Hobby: gotowanie, przy gotowaniu Connley staje się luźniejszy, uwielbia tą czynność robić w T-shircie lub podkoszulku

Co ogólnie się wie o postaci:
1. Przedstawiony na dworze jeszcze za czasów Eryka. Wtedy był bardzo blisko Bleysa oraz jego uroczej córki Caitlinn.
2. Zajmuje się rysowaniem atutów oraz Wzorcem, jak przystało na syna Fiony.
3. Poza osobami, które znają jego wrogów, nikt nie zna jego wrogów Hehe. Na dworze wydaje się być na dobrej stopie ze wszystkimi, przynajmniej trudno było dostrzec, ażeby ktokolwiek okazywał mu wyraźną wrogość.
4. Bywał wcześniej na dworze od czasu do czasu, ale dość rzadko. Raczej siedział w jakimś cieniu.

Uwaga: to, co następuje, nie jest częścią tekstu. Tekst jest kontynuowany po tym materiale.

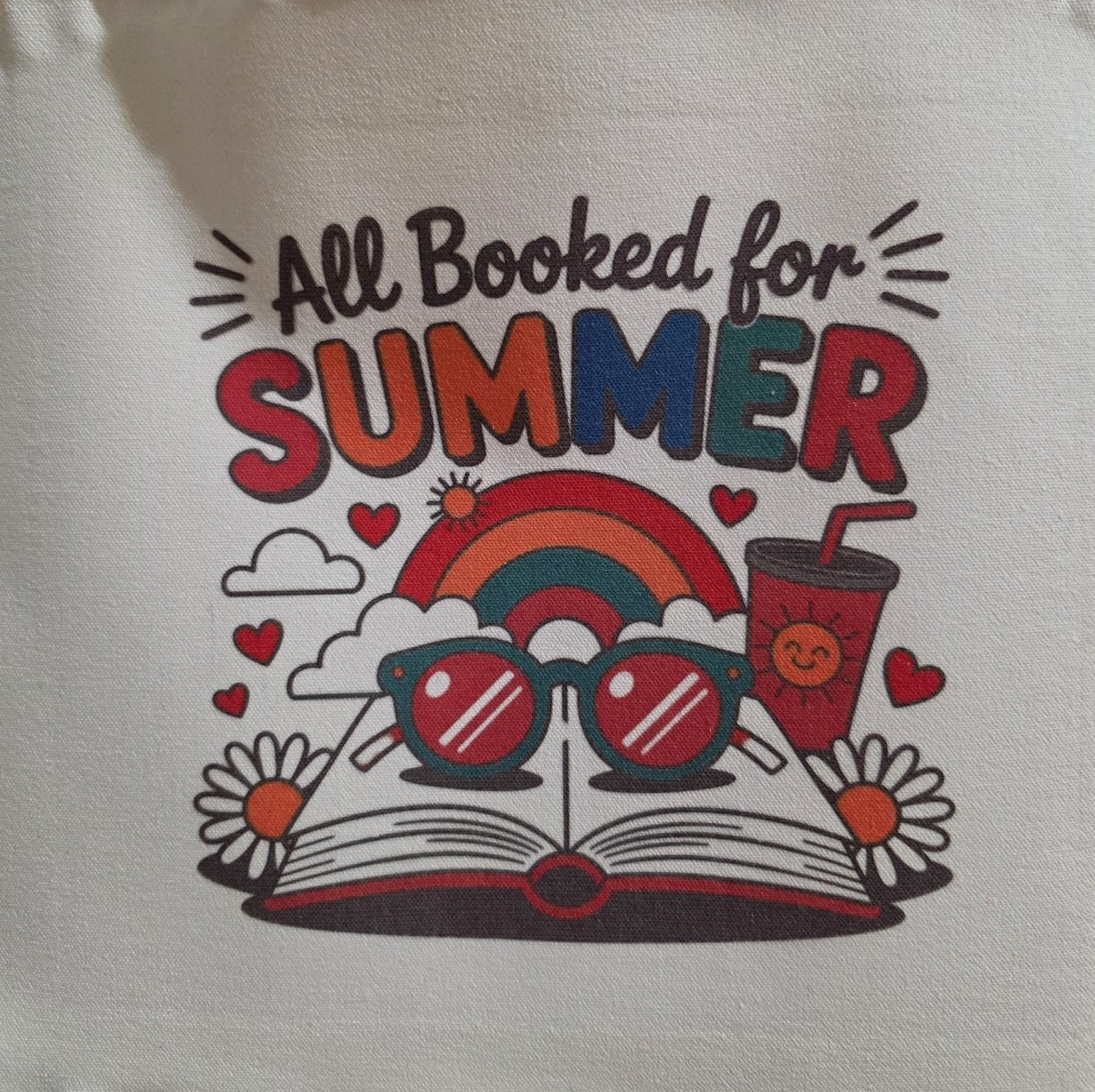 Featuring a retro design with "All Booked for SUMMER," an open book, sunglasses, rainbow, daisies, hearts, and a smiling drink cup on a light background, the Retro All Booked for Summer Tote Bag by Mirabilia Boutique is perfect for summer days.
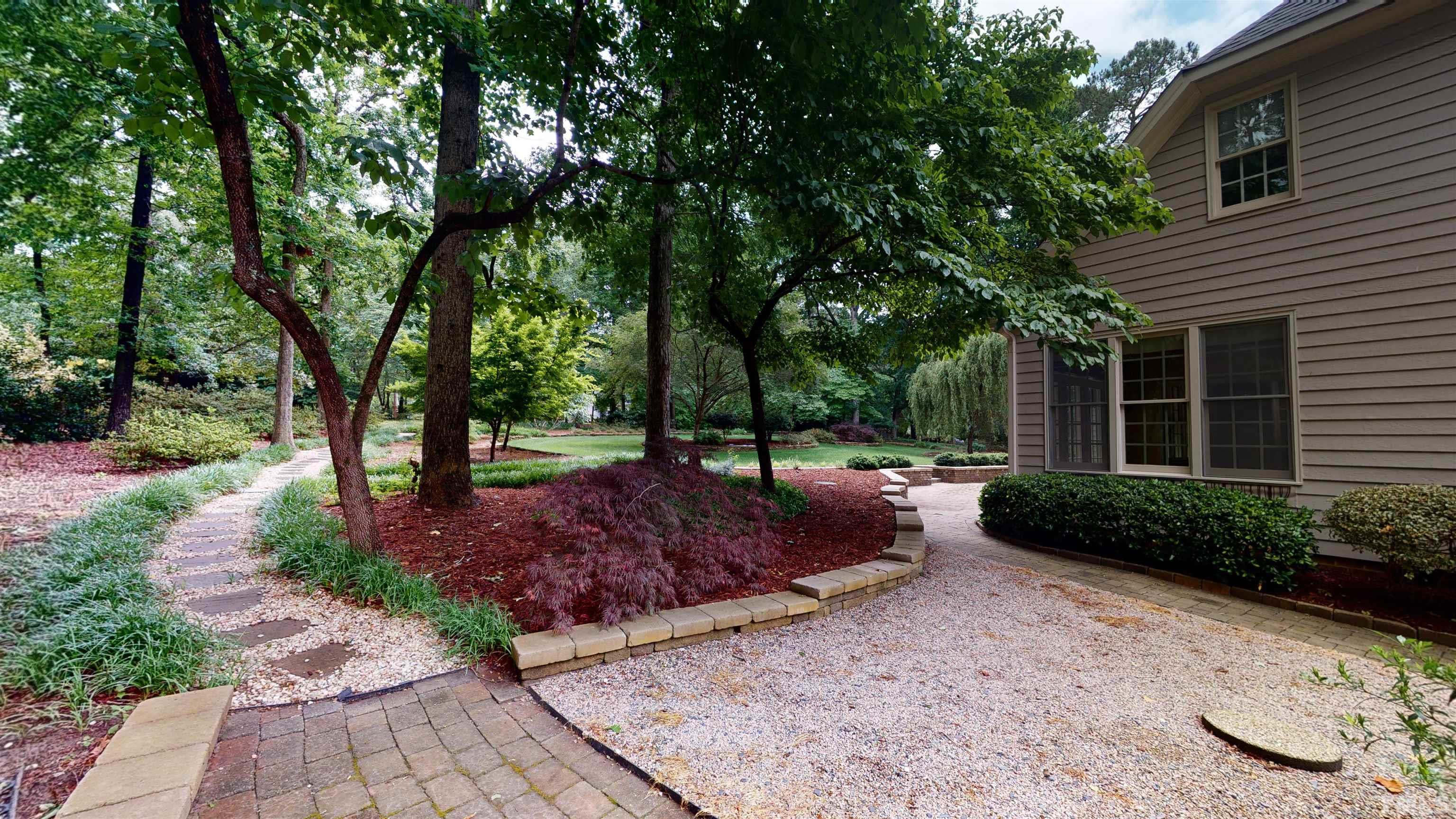 1624 Adams Mountain Road Raleigh, NC 27614 - Photo 82 of 100 a view of a backyard with potted plants and large trees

5. Skryta potęga, czająca się zawsze na drugim planie, uśmiecha się dyskretnie, znacząco, jakby wiedział zawsze coś więcej, zresztą, właśnie może wie, jeżeli zaś nie, to tym uśmiechem tak czy siak budzi niepokój.
6. Lubi tańczyć, ale kompletnie nie umie grać ani śpiewać.
 

Ostatnio edytowane przez Kelly : 25-09-2010 o 20:22.